What you have to do> Once you find the line containing "I just want" in the data below, copy it and each following line exactly, up to and including the line containing "Hello everyone, welcome", and nothing else.

Material for this exercise>
○ ○ ○ ○ ○ ○ ○
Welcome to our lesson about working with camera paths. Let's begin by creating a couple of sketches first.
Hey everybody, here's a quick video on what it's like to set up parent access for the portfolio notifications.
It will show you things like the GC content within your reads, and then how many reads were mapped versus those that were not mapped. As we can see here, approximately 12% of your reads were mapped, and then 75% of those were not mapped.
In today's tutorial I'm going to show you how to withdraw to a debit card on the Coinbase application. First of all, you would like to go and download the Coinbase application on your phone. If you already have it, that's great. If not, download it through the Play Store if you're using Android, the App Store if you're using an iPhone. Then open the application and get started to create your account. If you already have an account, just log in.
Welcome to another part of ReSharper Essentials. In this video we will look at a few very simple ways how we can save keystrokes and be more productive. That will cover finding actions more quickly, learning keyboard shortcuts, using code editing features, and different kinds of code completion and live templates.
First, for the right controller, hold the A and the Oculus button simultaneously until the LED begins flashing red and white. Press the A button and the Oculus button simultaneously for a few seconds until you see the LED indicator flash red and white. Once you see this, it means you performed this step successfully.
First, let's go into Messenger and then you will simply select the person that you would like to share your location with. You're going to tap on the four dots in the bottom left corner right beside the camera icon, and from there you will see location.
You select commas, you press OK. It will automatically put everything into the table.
○ ○ ○ ○ ○ ○ ○
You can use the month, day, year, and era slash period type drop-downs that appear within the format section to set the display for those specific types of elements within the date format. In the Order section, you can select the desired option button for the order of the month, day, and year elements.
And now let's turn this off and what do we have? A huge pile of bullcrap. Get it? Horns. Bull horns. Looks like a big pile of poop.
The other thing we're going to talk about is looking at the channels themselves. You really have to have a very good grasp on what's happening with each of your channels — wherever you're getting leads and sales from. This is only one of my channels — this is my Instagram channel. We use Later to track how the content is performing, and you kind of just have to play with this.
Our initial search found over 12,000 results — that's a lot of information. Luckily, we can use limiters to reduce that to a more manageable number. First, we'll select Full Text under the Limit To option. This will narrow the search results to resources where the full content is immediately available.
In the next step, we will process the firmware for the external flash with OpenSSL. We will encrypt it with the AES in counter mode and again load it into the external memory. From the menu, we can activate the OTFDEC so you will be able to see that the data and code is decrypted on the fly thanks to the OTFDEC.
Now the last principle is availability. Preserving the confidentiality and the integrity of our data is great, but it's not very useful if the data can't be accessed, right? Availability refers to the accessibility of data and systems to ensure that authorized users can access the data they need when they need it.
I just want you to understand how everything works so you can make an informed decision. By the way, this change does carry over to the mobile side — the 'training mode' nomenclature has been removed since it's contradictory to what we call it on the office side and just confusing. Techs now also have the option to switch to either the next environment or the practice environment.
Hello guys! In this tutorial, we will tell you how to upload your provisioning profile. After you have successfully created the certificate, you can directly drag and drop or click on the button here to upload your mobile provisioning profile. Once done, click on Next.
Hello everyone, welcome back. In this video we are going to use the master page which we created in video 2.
○ ○ ○ ○ ○ ○ ○
Answer to the problem>
I just want you to understand how everything works so you can make an informed decision. By the way, this change does carry over to the mobile side — the 'training mode' nomenclature has been removed since it's contradictory to what we call it on the office side and just confusing. Techs now also have the option to switch to either the next environment or the practice environment.
Hello guys! In this tutorial, we will tell you how to upload your provisioning profile. After you have successfully created the certificate, you can directly drag and drop or click on the button here to upload your mobile provisioning profile. Once done, click on Next.
Hello everyone, welcome back. In this video we are going to use the master page which we created in video 2.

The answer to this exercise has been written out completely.